* [What you need to do]
Retype the lines below exactly, but only those from the line that has "Park Mckinley West Luxury 1br * Manila" through the line that has "בית מלון כפרי". Omit every picture.

* [Data records]
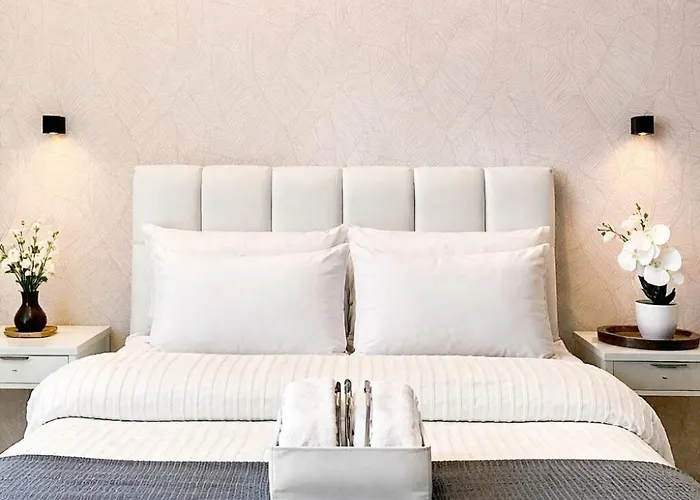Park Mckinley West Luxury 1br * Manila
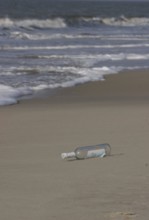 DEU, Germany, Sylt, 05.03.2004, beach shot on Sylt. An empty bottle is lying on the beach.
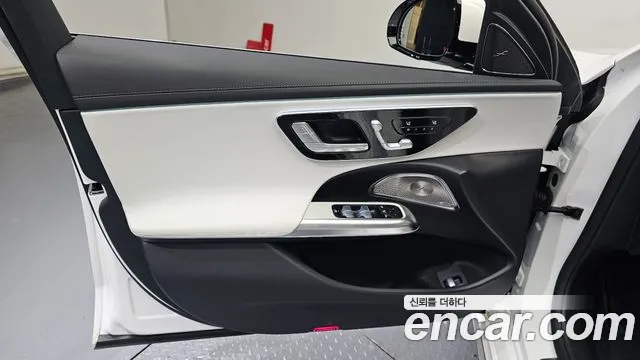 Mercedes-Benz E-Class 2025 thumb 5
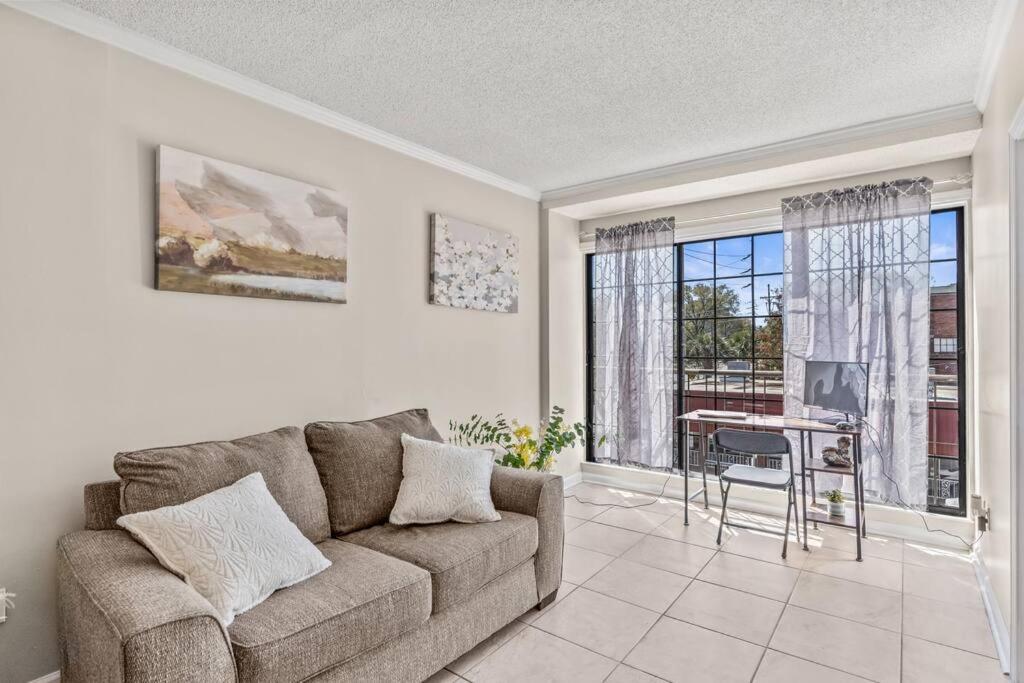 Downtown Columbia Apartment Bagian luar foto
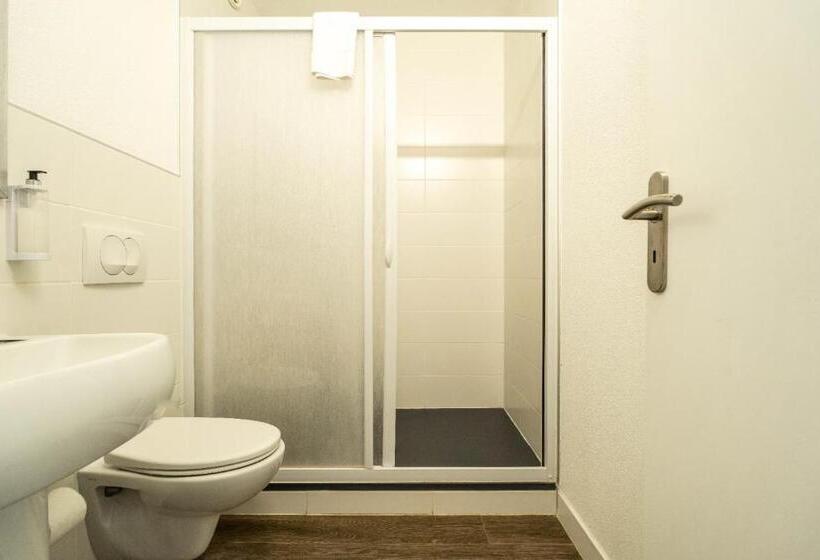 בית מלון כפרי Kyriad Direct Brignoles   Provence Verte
---
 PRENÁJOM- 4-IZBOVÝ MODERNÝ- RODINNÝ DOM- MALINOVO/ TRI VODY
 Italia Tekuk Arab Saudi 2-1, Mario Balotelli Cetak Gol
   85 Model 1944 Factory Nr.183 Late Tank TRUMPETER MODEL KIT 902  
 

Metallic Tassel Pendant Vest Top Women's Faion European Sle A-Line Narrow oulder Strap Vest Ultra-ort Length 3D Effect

* [Answer area]
Park Mckinley West Luxury 1br * Manila
 DEU, Germany, Sylt, 05.03.2004, beach shot on Sylt. An empty bottle is lying on the beach.
 Mercedes-Benz E-Class 2025 thumb 5
 Downtown Columbia Apartment Bagian luar foto
 בית מלון כפרי Kyriad Direct Brignoles   Provence Verte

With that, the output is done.